This is the method adopted by Mr. Latimer Clark in his use of the instrument constructed by the Electrical Committee of the British Association. We are indebted to Mr. Clark for the drawing of the electrodynamometer in Figure 54, in which Helmholtz's arrangement of two coils is adopted both for the fixed and for the suspended coil[1]. The torsion-head of the instrument, by which the bifilar suspension is adjusted, is represented in Fig. 55. The
Fig. 55.
equality of the tension of the suspension wires is ensured by their being attached to the extremities of a silk thread which passes over a wheel, and their distance is regulated by two guide-wheels, which can be set at the proper distance. The suspended coil can be moved vertically by means of a screw acting on the suspension-wheel, and horizontally in two directions by the sliding pieces shewn at the bottom of Fig. 55. It is adjusted in azimuth by means of the torsion-screw, which turns the torsion-head round a vertical axis (see Art. 459).
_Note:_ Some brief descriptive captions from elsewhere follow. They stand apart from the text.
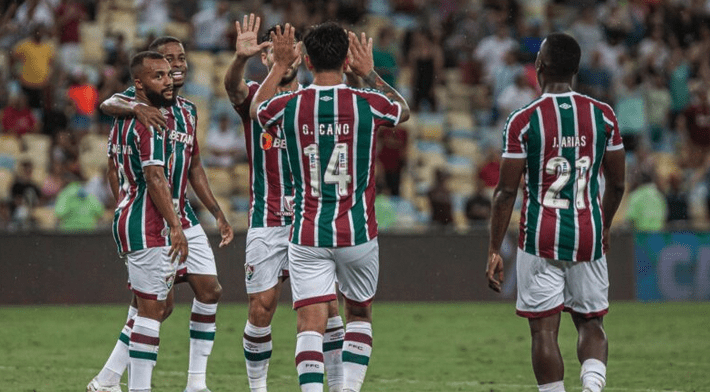 Transmissões Ao Vivo do Fluminense - Como Assistir no Celular
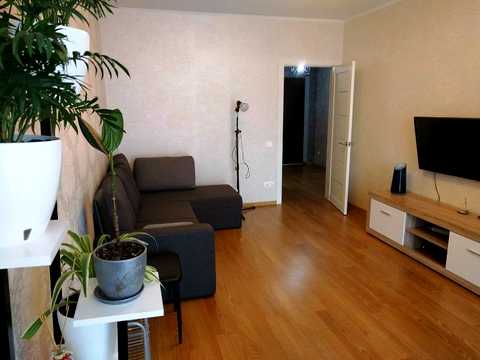 квартира за адресою Драгоманова вул., 2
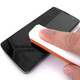 All-in-One Screen Cleaning Spray, Cloth, and Phone Stand (2-Pack) product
The azimuth of the suspended coil is ascertained by observing the reflexion of a scale in the mirror, shewn just beneath the axis of the suspended coil.
- ↑ In the actual instrument, the wires conveying the current to and from the coils are not spread out as displayed in the figure, but are kept as close together as possible, so as to neutralize each other's electromagnetic action.